States: The agent starts in the initialization state and progresses the conversation and changes states to find a suitable restaurant for the user. Some states include "answer" (to suggest restaurants if it finds any) and "fill_blanks" (used to fill the preference slots).
Implementation of 2 baselines:
- classify every utterance as majority class
- classify every utterance based on self-defined rules Score for both baselines is based on accuracy. To get the error, output 1-accuracy
Example code:
from baseline import Baseline
b = Baseline()
b.open_dataset("dialog_acts.dat")
b.split_dataset()
#test baseline 1
b.get_highest_label()
b.test_highest_label()
print(b.score())
To test the keyword rules, simply run the function:
#test baseline 2
b.test_keyword_rule()
print(b.score())
To get the wrongly predicted sentences of the keyword_rule function:
print(b.get_wrong_predictions())
To classify user utterance, simply run the following command:
b.user_input()
Split and preprocess data, train LR or NN classifier on training set and test on test set Usage:
clf=Classification()
clf.initialize_data("dialog_acts.dat")
clf.train_lr()#or clf.train_nn()
clf.test_clf() #to apply to test set
Predict a single sentence after training phase
sentence="Hi, I would like to get a suggestion"
clf.predict(sentence):
To get wrongly classified sentences, after testing:
wrong_preds=clf_agent.get_wrong_predictions()
print(wrong_preds)
Cross Validation. For this function, create a classifier and call the cv function. Second parameter for cv function is a boolean indicating whether or not to oversample.

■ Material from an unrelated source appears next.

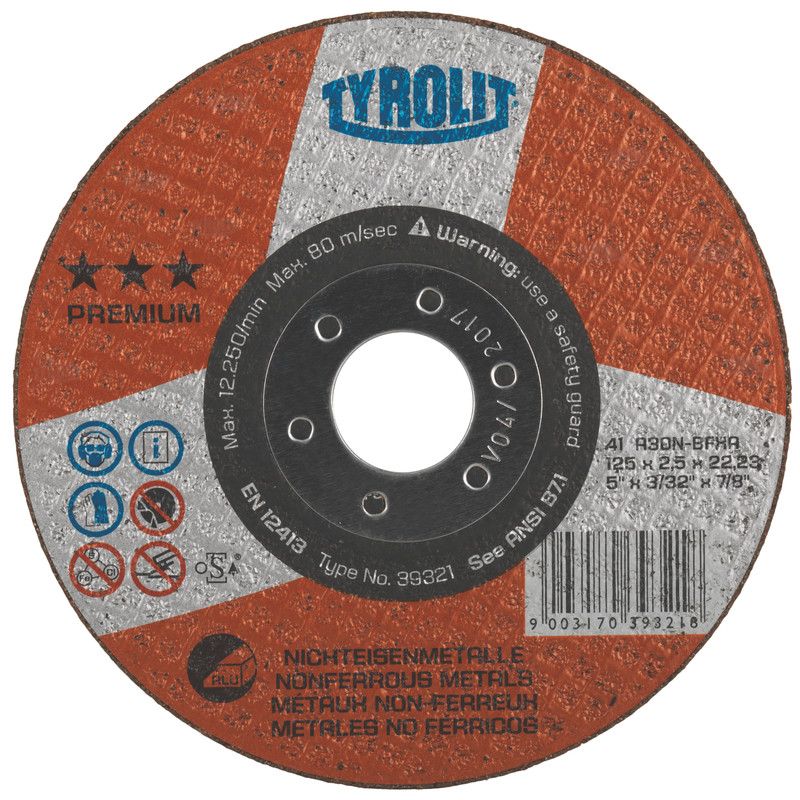 Hiova katkaisulaikka Tyrolit A24O-BFXM; 350 mm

lr=LogisticRegression(random_state=0, max_iter=200, penalty='l2')
clf.cv(lr,False)
GridSearch:
clf_agent=Classification()
clf_agent.open_dataset("dialog_acts.dat")
clf=MLPClassifier()
clf_agent.prepare_gs()
params={'learning_rate':['constant'],
'learning_rate_init':[0.01,0.001,0.0001],
'solver' : ['adam'],
'hidden_layer_sizes':[(100,100,100)],
"max_iter":[100]
}
gs=clf_agent.grid_search(clf, params)
gs.cv_results_